Data excerpts:
....................
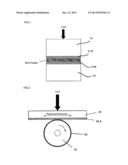 HEARTH ROLL HAVING EXCELLENT MN BUILD-UP RESISTANCE, THERMAL SHOCK     RESISTANCE, AND ABRASION RESISTANCE, AND THERMAL SPRAY MATERIAL THEREFOR diagram and image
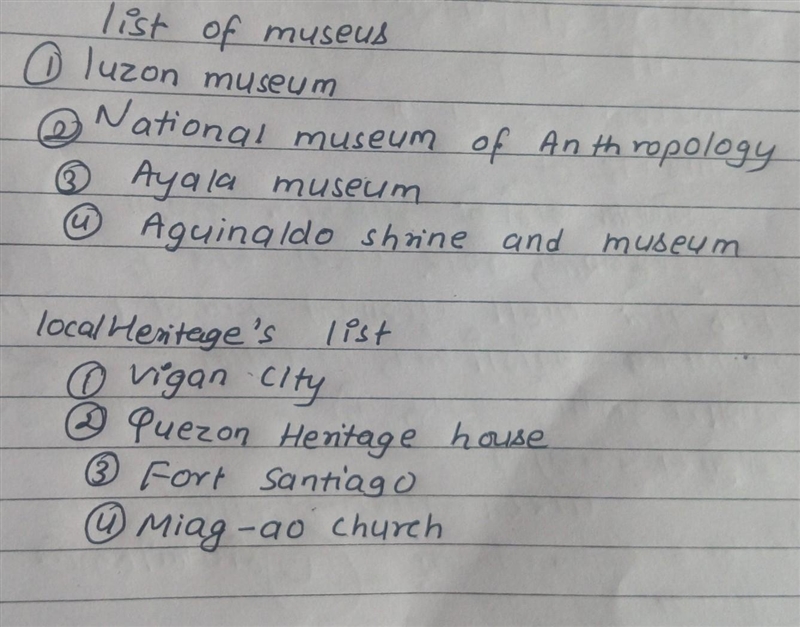 In the philippines can you name museum and local heritage site that represent the-example-1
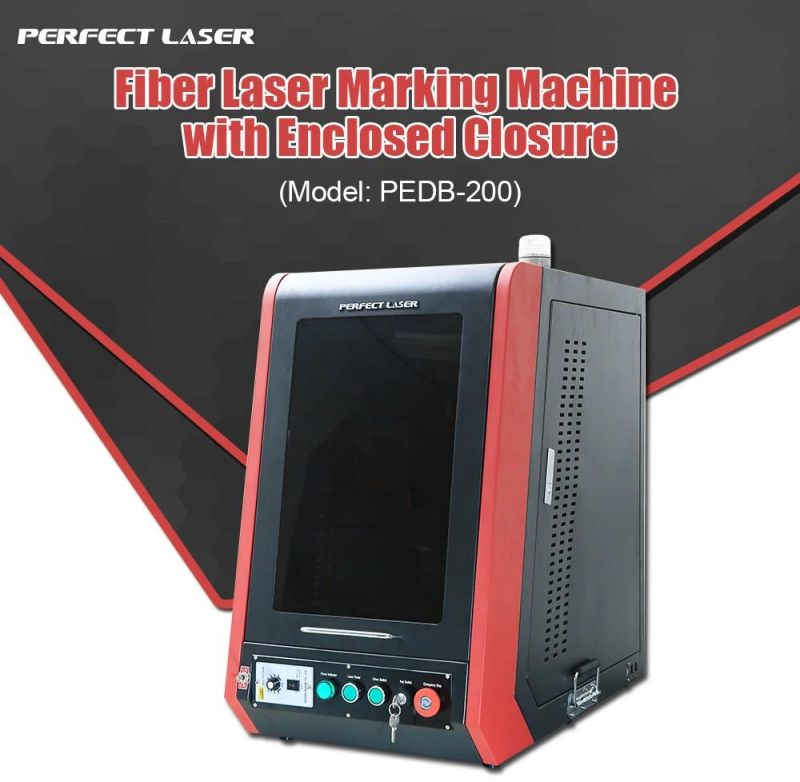 Enclosed Laser Marking Machine Engraving Letter Logos for Jewelry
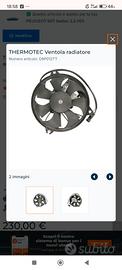 Ventole Radiatore ricambi x Peugeot 407, 607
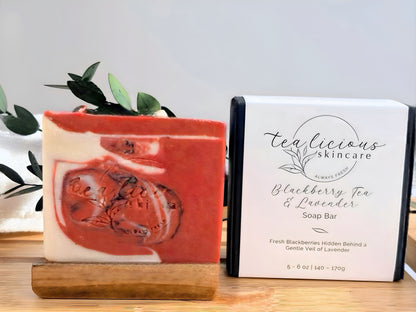 Blackberry Tea & Lavender Soap Bar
....................
● **EXERCISE DETAILS**
Retype exactly the lines from the one containing "Ventole Radiatore ricambi x Peugeot 407, 607" through the last line of the records above, both included, and leave out any pictures.

● **WRITTEN REPLY**
 Ventole Radiatore ricambi x Peugeot 407, 607
 Blackberry Tea & Lavender Soap Bar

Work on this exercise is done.